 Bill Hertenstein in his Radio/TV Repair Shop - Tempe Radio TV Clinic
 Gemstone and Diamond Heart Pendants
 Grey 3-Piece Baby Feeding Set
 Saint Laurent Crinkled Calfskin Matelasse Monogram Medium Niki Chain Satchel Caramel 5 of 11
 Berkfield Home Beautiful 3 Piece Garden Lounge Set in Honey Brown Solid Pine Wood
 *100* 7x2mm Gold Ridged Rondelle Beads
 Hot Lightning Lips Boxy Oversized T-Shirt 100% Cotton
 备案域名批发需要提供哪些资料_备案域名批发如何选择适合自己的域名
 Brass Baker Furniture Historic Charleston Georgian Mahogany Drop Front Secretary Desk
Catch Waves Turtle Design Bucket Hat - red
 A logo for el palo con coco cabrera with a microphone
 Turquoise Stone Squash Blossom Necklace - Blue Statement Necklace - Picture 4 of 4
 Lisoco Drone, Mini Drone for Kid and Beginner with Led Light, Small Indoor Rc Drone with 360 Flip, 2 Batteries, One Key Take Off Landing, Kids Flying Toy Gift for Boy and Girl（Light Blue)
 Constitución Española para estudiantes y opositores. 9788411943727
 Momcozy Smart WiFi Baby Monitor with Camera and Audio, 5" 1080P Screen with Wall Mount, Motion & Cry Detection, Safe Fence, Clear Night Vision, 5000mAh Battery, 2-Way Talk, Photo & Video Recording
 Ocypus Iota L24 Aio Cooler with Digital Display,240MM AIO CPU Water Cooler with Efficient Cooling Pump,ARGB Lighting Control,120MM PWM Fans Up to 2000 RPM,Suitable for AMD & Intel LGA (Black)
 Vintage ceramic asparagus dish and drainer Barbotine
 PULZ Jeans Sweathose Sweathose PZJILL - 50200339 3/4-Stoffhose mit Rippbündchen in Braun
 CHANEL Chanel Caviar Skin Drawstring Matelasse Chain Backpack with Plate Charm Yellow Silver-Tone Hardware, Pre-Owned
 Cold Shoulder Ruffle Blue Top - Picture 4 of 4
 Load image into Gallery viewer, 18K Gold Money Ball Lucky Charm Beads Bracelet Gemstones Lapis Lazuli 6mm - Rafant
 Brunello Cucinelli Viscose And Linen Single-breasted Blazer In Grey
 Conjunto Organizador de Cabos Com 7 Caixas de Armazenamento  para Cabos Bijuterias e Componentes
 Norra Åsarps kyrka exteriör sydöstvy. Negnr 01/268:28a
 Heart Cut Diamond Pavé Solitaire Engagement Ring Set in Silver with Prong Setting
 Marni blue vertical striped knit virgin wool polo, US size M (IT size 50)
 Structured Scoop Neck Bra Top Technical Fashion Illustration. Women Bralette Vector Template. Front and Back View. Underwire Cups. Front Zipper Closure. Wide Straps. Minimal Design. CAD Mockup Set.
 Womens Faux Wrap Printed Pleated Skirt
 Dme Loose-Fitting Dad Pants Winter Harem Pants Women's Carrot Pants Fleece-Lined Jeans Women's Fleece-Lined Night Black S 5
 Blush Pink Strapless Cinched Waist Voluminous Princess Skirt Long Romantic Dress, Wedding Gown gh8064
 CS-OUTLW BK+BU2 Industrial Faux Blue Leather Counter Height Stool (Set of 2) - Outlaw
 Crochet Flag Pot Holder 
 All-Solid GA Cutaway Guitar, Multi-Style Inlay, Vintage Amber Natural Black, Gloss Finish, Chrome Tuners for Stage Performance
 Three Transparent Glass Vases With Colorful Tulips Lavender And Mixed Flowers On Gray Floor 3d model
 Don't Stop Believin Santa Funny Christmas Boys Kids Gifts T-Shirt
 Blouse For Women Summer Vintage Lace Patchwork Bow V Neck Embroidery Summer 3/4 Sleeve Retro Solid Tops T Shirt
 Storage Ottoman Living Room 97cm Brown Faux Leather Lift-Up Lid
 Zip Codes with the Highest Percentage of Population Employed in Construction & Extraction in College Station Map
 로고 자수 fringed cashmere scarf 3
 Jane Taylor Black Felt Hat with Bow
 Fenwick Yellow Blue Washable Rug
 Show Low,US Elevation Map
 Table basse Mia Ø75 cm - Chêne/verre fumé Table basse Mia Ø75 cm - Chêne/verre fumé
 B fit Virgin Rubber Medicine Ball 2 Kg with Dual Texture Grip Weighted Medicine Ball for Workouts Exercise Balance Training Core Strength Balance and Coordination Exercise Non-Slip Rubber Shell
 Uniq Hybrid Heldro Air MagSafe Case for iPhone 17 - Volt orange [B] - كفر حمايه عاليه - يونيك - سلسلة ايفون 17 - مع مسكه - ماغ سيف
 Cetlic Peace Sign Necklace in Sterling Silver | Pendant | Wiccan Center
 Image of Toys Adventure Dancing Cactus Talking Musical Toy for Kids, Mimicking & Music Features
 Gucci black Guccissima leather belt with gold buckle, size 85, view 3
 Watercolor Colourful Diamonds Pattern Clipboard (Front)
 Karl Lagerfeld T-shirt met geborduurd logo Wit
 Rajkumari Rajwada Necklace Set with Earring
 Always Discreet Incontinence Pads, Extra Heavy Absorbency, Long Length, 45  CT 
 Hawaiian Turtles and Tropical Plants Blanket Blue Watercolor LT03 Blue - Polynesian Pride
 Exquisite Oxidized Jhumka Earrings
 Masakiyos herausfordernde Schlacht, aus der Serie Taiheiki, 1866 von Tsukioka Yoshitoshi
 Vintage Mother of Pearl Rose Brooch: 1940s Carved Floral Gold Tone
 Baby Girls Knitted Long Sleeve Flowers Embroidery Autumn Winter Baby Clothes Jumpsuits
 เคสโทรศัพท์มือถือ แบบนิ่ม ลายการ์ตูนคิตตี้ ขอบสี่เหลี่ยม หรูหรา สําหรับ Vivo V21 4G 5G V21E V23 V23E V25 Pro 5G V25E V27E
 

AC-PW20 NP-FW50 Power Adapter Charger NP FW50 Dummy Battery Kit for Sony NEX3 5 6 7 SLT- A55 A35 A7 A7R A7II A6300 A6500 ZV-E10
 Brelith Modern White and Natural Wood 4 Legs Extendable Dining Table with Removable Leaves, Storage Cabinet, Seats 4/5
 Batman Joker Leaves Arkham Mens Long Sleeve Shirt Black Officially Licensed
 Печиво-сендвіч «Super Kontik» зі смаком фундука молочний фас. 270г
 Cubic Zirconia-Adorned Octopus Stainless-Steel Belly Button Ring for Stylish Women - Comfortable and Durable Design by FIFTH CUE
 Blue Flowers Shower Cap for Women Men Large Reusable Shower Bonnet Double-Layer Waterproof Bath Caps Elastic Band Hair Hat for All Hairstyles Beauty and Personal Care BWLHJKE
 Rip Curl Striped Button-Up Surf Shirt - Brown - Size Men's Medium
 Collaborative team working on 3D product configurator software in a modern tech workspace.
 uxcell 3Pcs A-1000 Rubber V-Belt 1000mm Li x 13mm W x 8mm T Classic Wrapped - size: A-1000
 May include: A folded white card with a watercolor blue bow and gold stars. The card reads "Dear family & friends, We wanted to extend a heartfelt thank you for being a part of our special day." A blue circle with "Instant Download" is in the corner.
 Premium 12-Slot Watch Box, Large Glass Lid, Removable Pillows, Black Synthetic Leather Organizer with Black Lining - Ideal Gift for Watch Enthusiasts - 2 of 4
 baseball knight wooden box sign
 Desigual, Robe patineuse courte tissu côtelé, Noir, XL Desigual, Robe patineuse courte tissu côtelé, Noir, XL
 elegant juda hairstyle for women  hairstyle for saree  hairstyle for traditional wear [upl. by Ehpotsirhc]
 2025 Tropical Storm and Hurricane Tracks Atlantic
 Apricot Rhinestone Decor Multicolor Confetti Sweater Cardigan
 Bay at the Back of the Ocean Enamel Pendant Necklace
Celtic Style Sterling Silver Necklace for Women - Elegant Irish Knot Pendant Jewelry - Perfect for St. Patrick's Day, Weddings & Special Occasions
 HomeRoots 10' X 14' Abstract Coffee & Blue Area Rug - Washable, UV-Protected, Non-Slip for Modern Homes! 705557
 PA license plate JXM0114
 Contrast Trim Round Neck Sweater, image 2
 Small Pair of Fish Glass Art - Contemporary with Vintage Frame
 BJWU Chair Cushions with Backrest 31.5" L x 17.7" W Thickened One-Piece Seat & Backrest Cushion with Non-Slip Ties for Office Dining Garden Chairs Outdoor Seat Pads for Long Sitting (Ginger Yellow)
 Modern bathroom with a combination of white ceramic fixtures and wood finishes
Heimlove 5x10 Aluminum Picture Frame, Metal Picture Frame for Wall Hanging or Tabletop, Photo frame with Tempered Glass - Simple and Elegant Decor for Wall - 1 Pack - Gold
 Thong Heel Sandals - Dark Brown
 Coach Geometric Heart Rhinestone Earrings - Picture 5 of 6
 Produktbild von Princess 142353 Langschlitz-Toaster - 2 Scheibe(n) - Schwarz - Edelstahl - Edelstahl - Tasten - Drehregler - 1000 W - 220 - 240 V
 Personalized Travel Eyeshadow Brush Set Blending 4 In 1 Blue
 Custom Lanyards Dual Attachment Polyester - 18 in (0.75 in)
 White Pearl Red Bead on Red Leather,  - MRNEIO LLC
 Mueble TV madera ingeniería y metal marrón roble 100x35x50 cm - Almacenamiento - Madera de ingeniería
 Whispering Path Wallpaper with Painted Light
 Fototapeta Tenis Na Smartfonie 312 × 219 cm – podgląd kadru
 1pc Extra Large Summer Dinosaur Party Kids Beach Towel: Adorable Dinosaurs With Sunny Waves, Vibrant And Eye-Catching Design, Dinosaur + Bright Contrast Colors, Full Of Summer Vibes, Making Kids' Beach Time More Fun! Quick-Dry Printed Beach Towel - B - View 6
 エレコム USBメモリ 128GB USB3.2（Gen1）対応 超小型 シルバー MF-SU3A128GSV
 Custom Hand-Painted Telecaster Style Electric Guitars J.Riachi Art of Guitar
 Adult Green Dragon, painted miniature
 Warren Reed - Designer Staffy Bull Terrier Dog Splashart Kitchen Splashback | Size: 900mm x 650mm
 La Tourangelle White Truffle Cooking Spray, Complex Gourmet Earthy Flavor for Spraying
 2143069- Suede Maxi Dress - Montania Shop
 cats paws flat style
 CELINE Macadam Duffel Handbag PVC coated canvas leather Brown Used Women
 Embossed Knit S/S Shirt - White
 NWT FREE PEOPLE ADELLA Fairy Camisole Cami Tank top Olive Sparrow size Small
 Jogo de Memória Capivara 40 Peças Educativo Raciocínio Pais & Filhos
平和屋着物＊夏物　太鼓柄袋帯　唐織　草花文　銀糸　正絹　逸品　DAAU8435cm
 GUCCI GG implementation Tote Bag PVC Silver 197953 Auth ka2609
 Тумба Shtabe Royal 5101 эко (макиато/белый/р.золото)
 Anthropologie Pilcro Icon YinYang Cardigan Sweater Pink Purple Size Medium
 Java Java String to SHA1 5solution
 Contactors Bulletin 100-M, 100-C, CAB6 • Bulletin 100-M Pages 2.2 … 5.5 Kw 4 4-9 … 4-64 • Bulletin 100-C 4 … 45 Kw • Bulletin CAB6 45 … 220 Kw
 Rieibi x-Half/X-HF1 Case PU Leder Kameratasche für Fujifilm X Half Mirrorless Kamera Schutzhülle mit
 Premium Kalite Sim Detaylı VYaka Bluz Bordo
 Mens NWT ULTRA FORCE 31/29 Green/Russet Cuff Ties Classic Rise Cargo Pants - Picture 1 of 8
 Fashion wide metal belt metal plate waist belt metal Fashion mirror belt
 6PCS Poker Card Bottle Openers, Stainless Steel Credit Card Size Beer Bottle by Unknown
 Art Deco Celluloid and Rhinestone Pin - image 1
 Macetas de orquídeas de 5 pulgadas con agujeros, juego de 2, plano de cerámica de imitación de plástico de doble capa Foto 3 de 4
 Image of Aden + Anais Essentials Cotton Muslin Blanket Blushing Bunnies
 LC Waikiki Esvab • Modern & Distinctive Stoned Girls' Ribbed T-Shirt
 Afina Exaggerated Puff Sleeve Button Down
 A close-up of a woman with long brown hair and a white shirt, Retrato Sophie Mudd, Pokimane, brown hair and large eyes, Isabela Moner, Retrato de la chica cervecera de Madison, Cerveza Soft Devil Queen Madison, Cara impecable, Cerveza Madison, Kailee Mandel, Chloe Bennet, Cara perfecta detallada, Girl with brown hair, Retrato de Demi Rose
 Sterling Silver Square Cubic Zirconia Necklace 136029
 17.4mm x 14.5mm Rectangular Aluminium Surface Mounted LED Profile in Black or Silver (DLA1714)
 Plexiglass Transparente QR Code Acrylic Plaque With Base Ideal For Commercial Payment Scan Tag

#####

Where a line above holds the string "Princess", copy that line.

Solved problem —
 Blush Pink Strapless Cinched Waist Voluminous Princess Skirt Long Romantic Dress, Wedding Gown gh8064
 Produktbild von Princess 142353 Langschlitz-Toaster - 2 Scheibe(n) - Schwarz - Edelstahl - Edelstahl - Tasten - Drehregler - 1000 W - 220 - 240 V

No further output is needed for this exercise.